* Exercise details *
Go to the line holding "Holiday Inn Express" in the data below. Return it and each line after it through the last, exactly, and skip the pictures.

* Data to process *
──────────

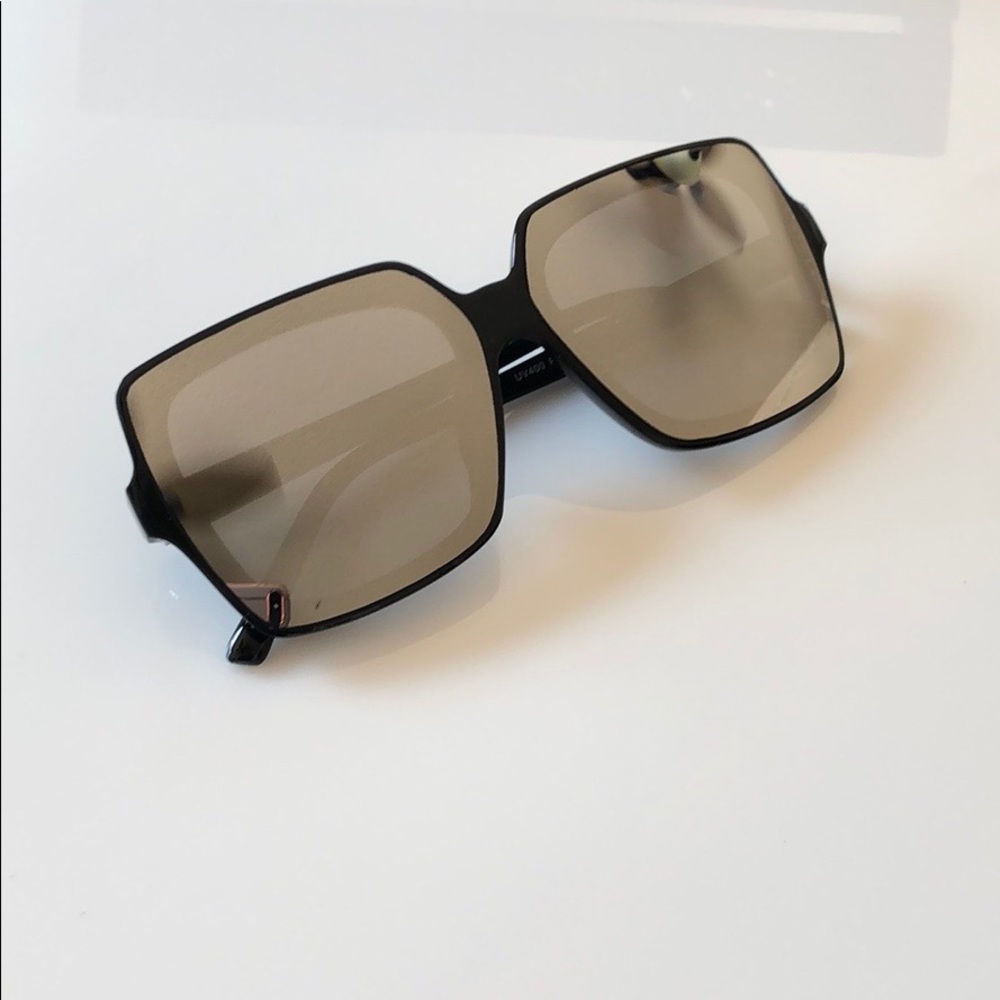 Black frame silver mirrored lens sunglasses - Picture 3 of 8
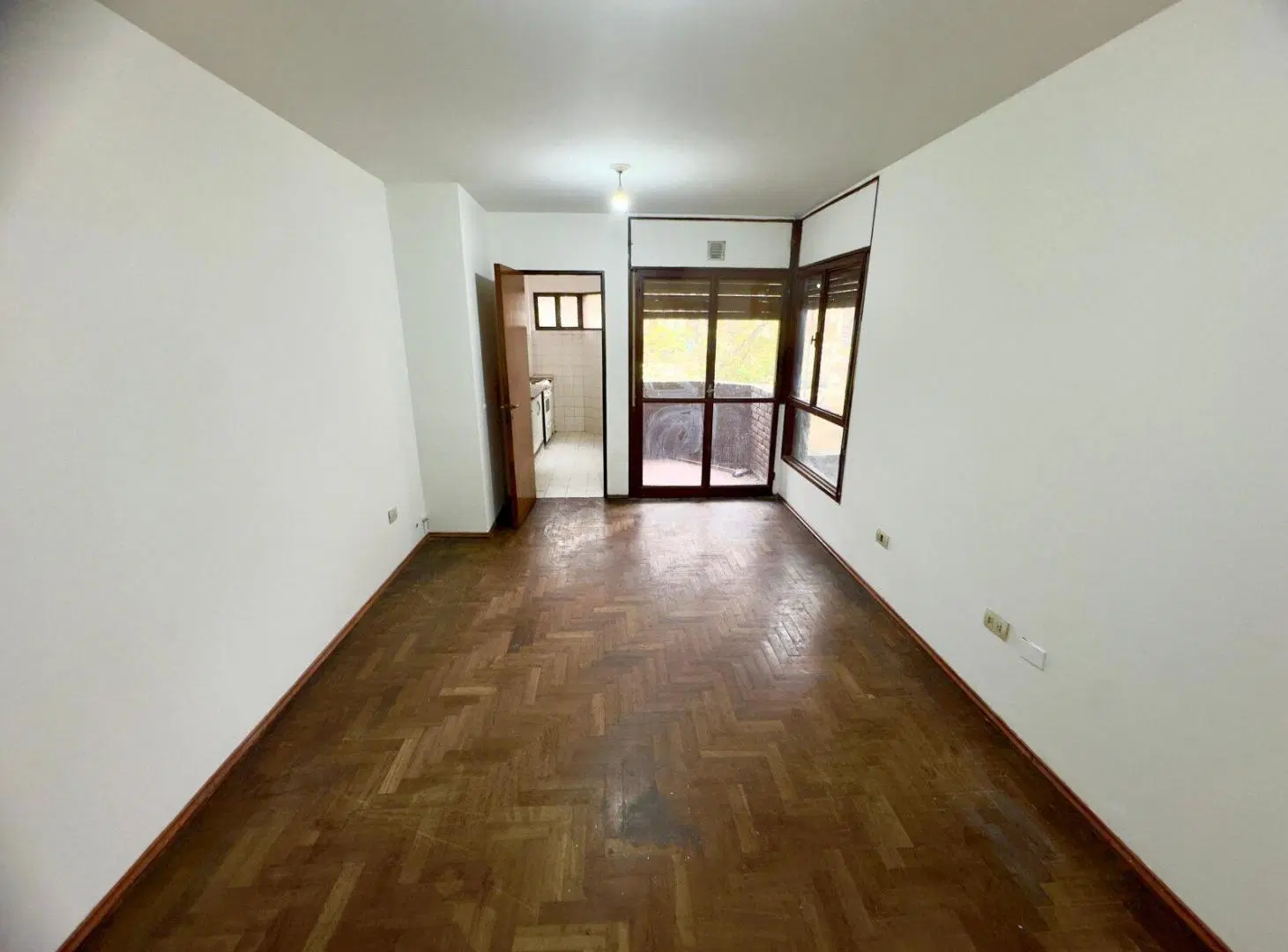 DPTO EN ALQUILER DE 1 DORM BALCON EN 27 DE ABRIL FTE PASEO SOBREMONTE 4
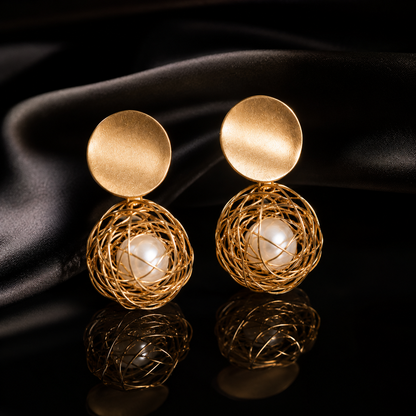 Abstract Gold Nest
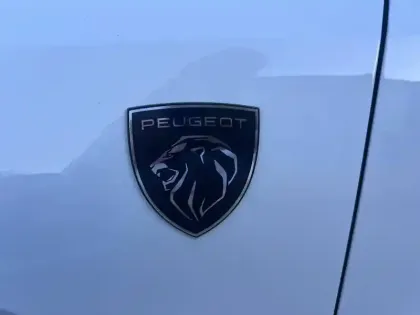 Photo 9 Peugeot 3008  Hybrid 136 e-DCS6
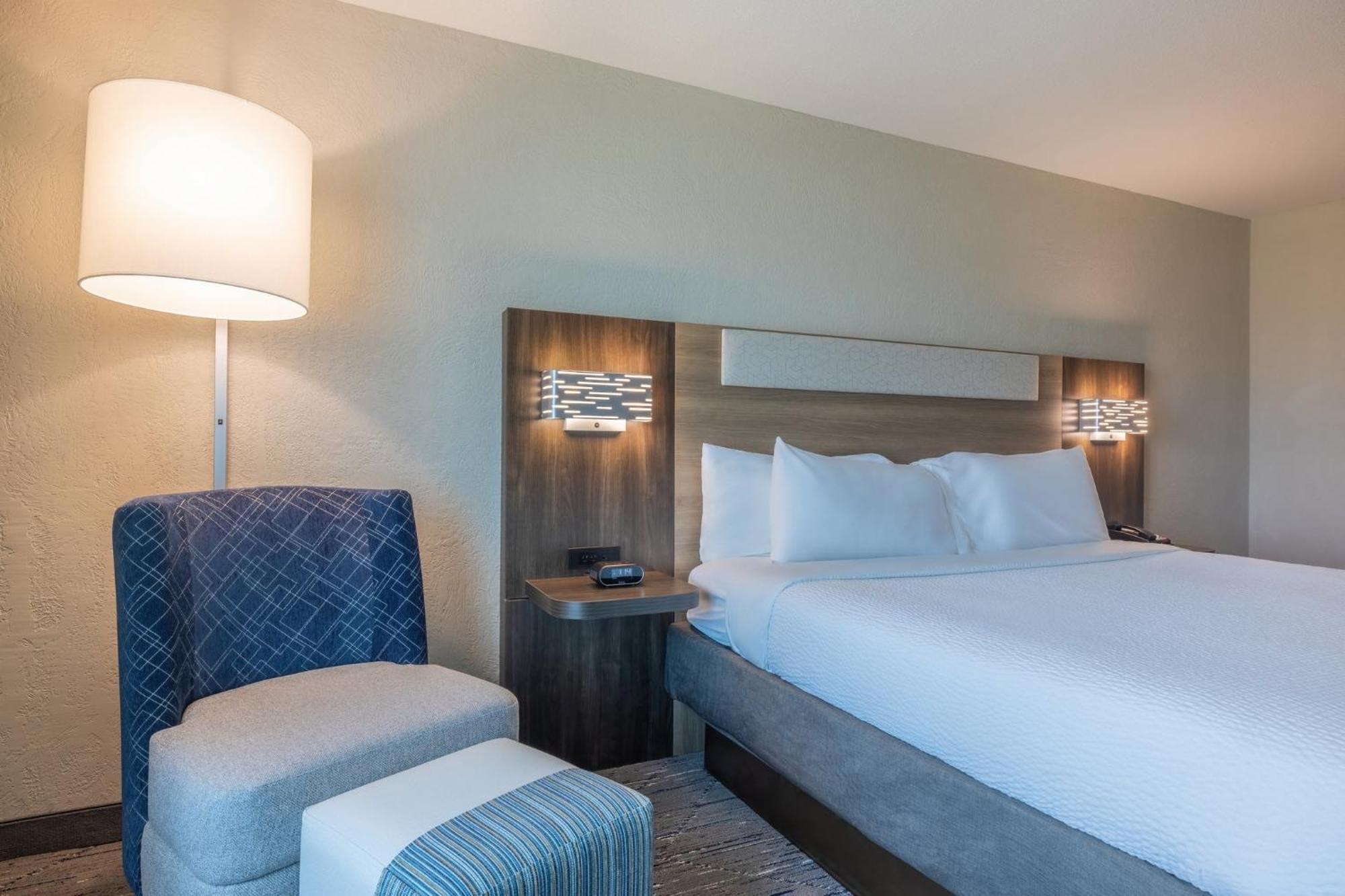 Holiday Inn Express & Suites Kansas City Airport By Ihg Εξωτερικό φωτογραφία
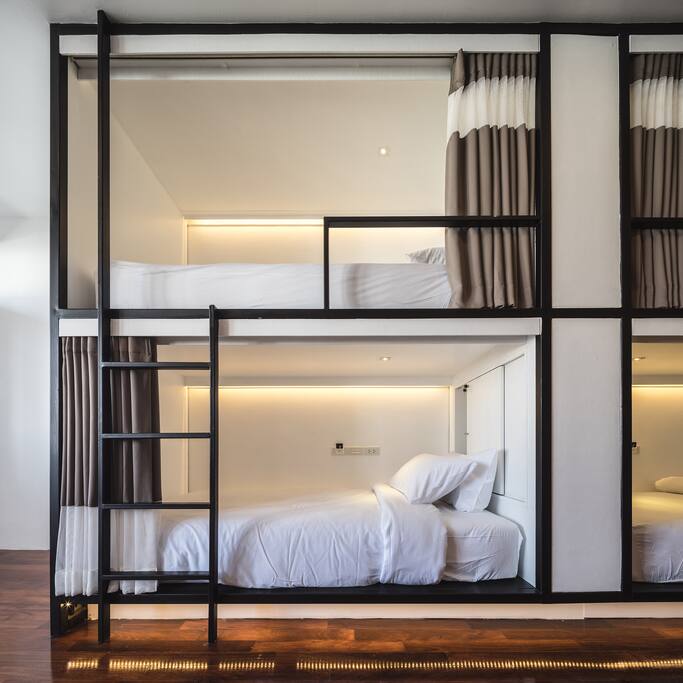 Single bed in Mixed/female dorm room
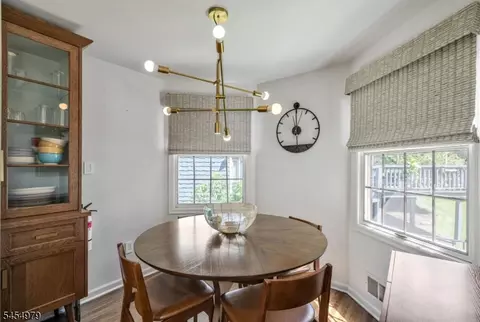 Dining - 72 Tanager Ct, Wayne, NJ 07470 photo 3 of 4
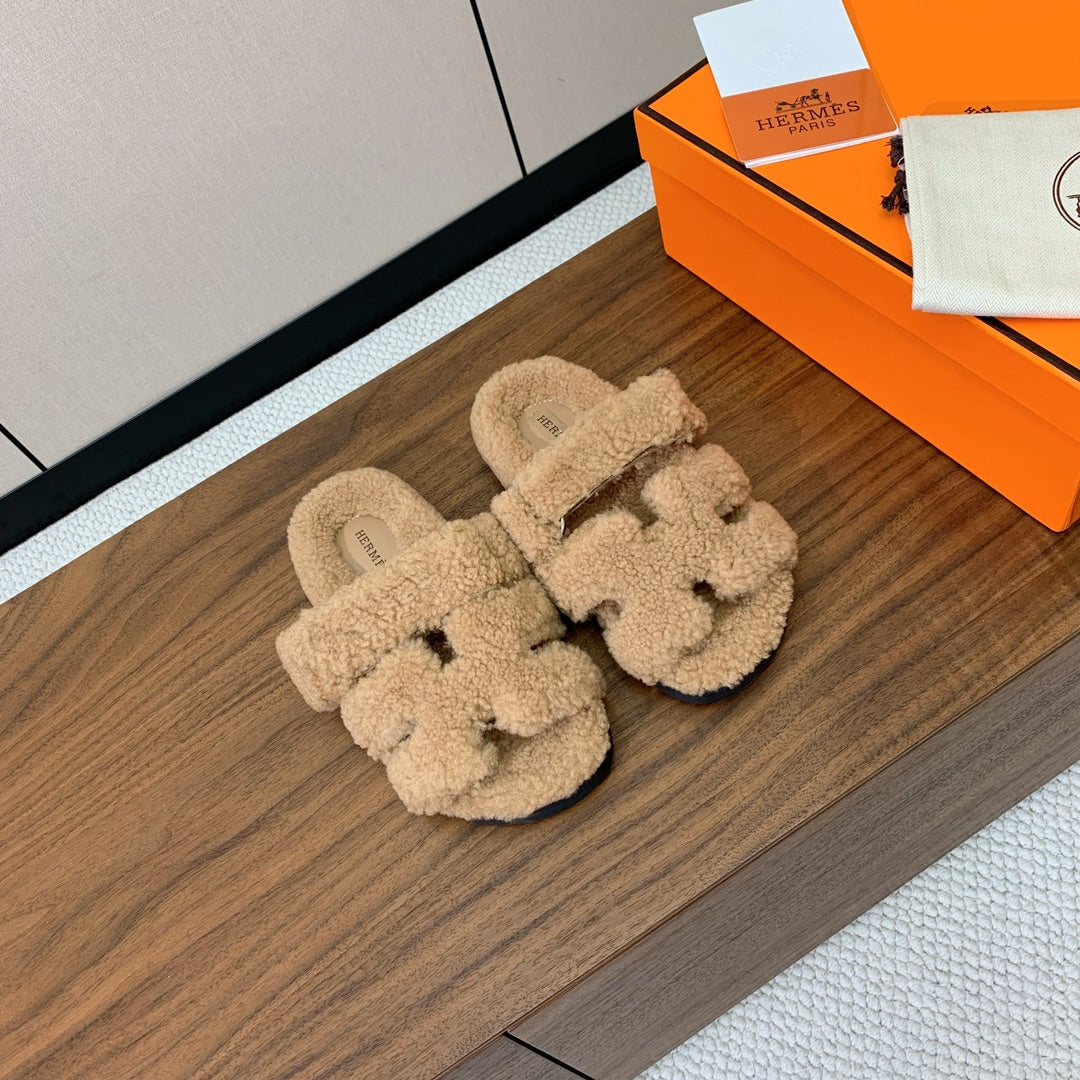 Hm Chypre Sandal In Dark Beige Lamb Wool 984181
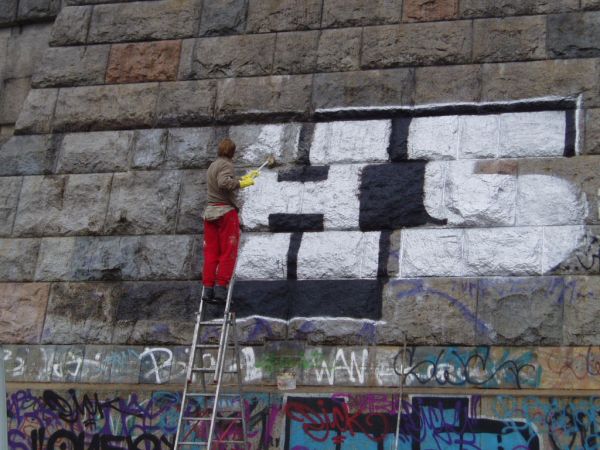 azdomy.cz_graffiti_cz_01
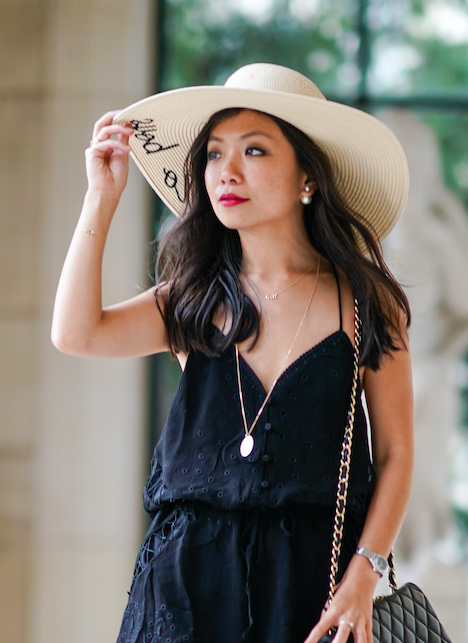 ragazza con cappello di paglia e abito nero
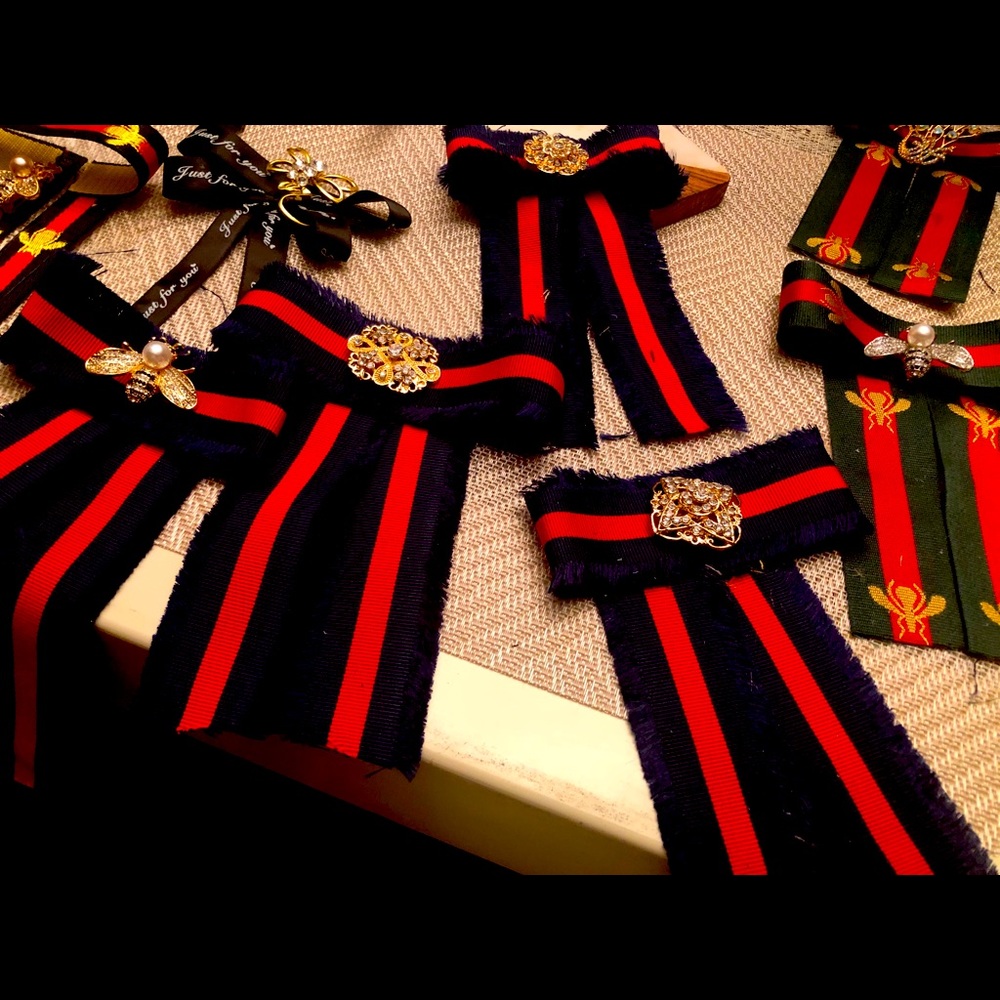 Ladies bow with broach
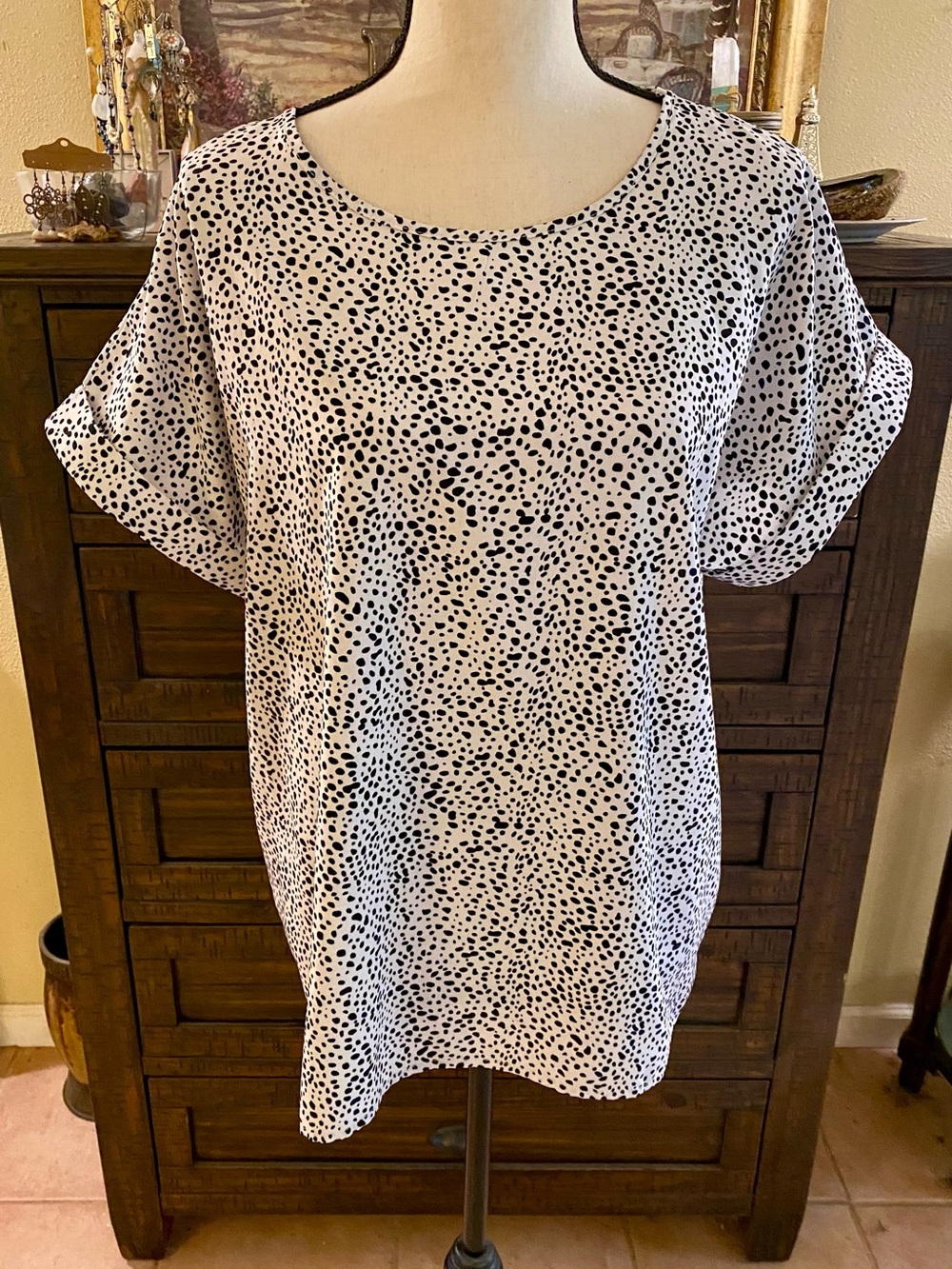 Shein Women’s Black & White Spot Print Short Sleeve Top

──────────

* Solution below *
 Holiday Inn Express & Suites Kansas City Airport By Ihg Εξωτερικό φωτογραφία
 Single bed in Mixed/female dorm room
 Dining - 72 Tanager Ct, Wayne, NJ 07470 photo 3 of 4
 Hm Chypre Sandal In Dark Beige Lamb Wool 984181
 azdomy.cz_graffiti_cz_01
 ragazza con cappello di paglia e abito nero
 Ladies bow with broach
 Shein Women’s Black & White Spot Print Short Sleeve Top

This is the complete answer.